:: Working data ::
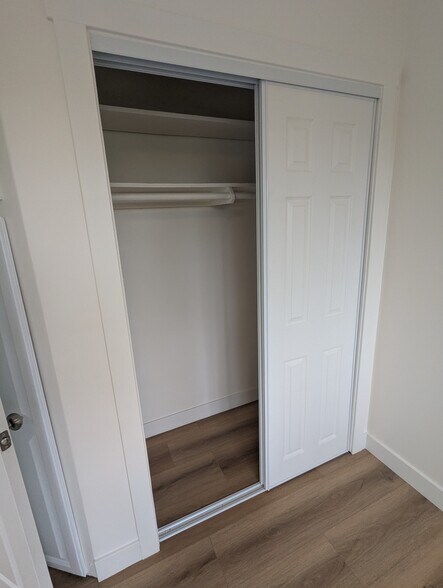 Building Photo - 613 Illinois Ct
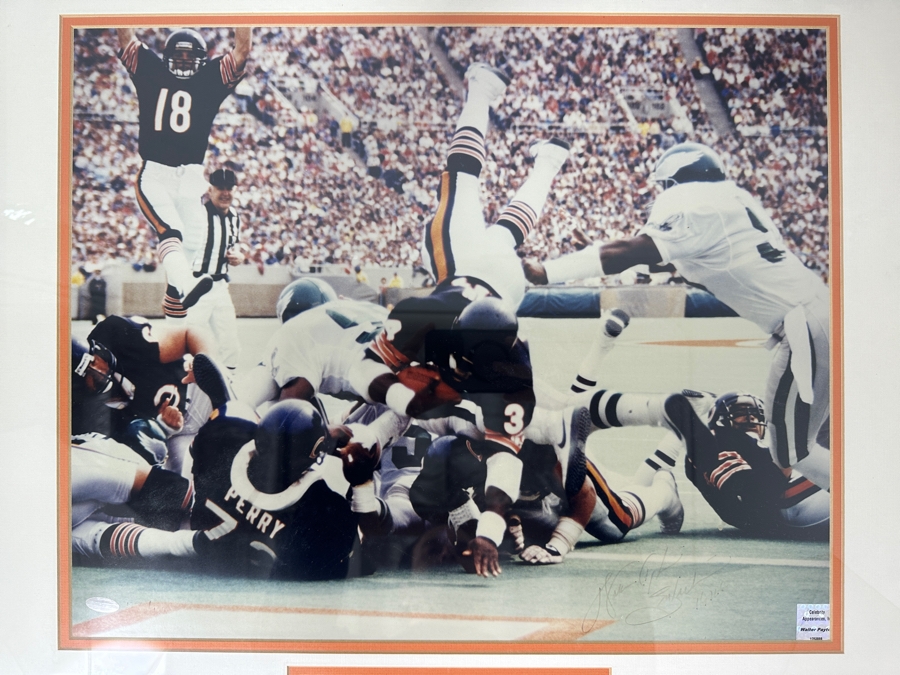 Signed Walter Payton 'Sweetness' NFL's 2nd All-Time Leading Rusher (16,726 Yards) Photograph Autographed By Walter Payton With COA Framed 26.5' X 22' [Photo 3]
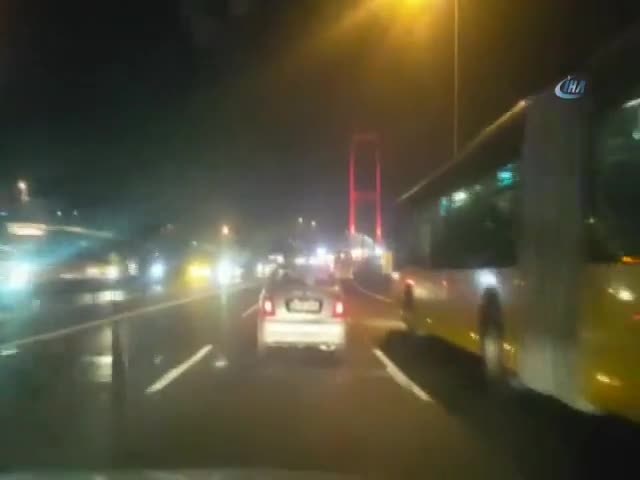 Erdoğan'ın konvoyunu görünce heyecandan kaza yaptı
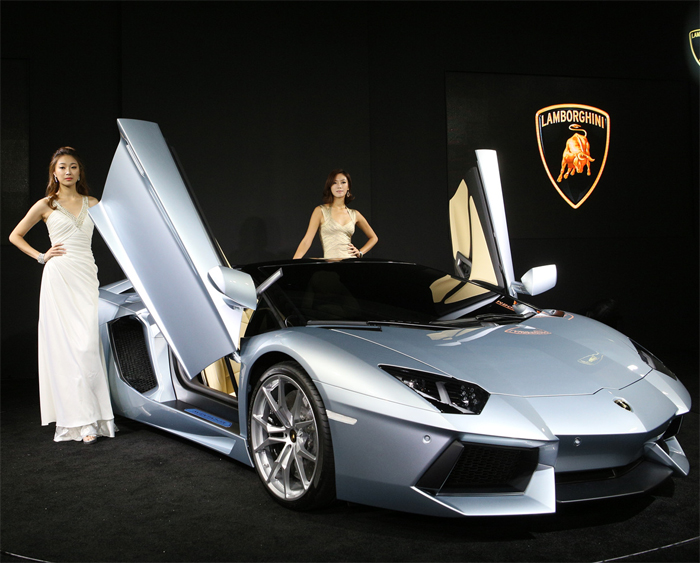 아벤타도르 LP700-4 로드스터(Aventador LP700-4 Roadster)'를 국내 출시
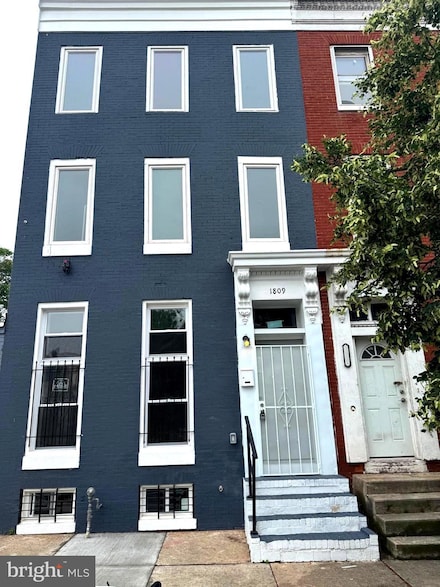 1809 W Lombard St, Baltimore, MD 21223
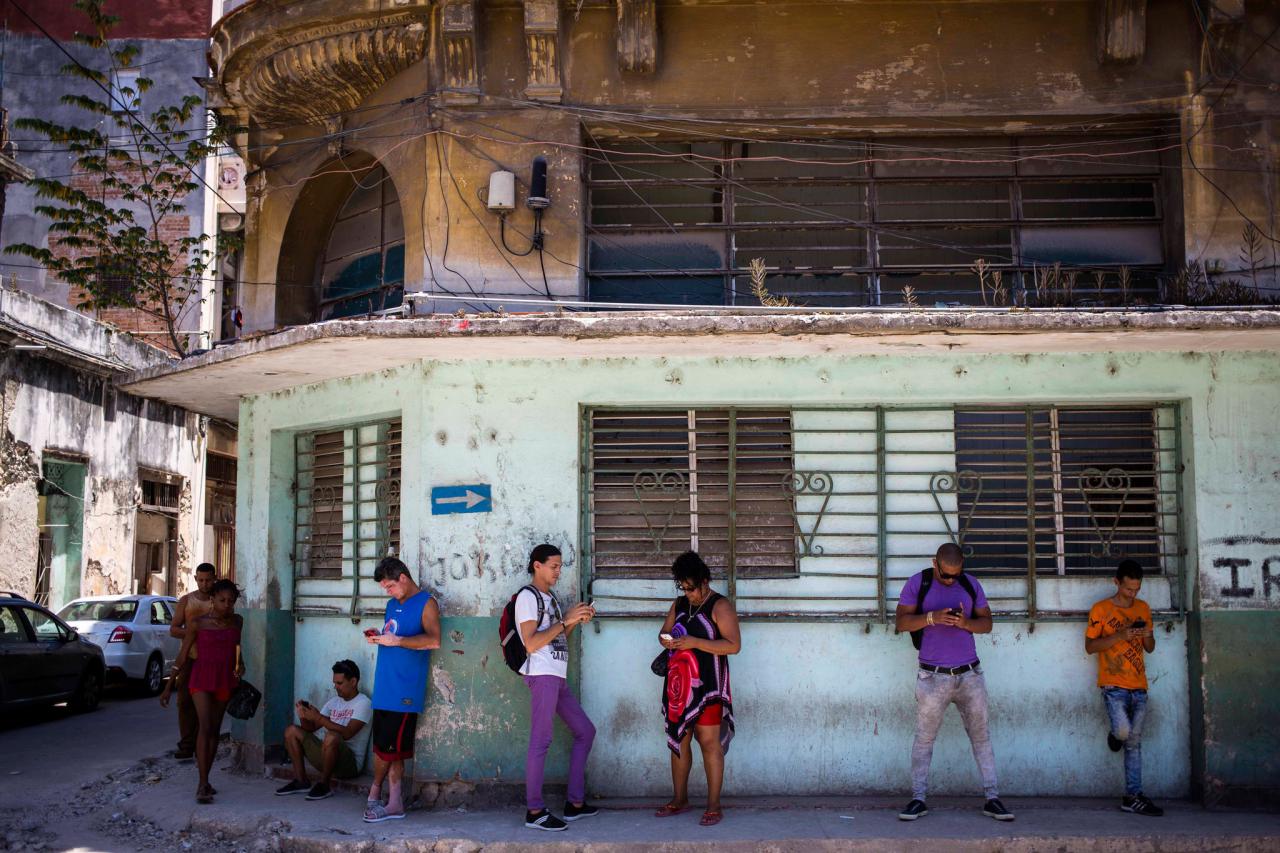 Cuba amplía el acceso a Internet a los hogares y negocios privados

:: Goal of the exercise ::
Copy out every line of the data above, taking care to leave the pictures out.

:: Expected answer ::
 Building Photo - 613 Illinois Ct
 Signed Walter Payton 'Sweetness' NFL's 2nd All-Time Leading Rusher (16,726 Yards) Photograph Autographed By Walter Payton With COA Framed 26.5' X 22' [Photo 3]
 Erdoğan'ın konvoyunu görünce heyecandan kaza yaptı
 아벤타도르 LP700-4 로드스터(Aventador LP700-4 Roadster)'를 국내 출시
 1809 W Lombard St, Baltimore, MD 21223
 Cuba amplía el acceso a Internet a los hogares y negocios privados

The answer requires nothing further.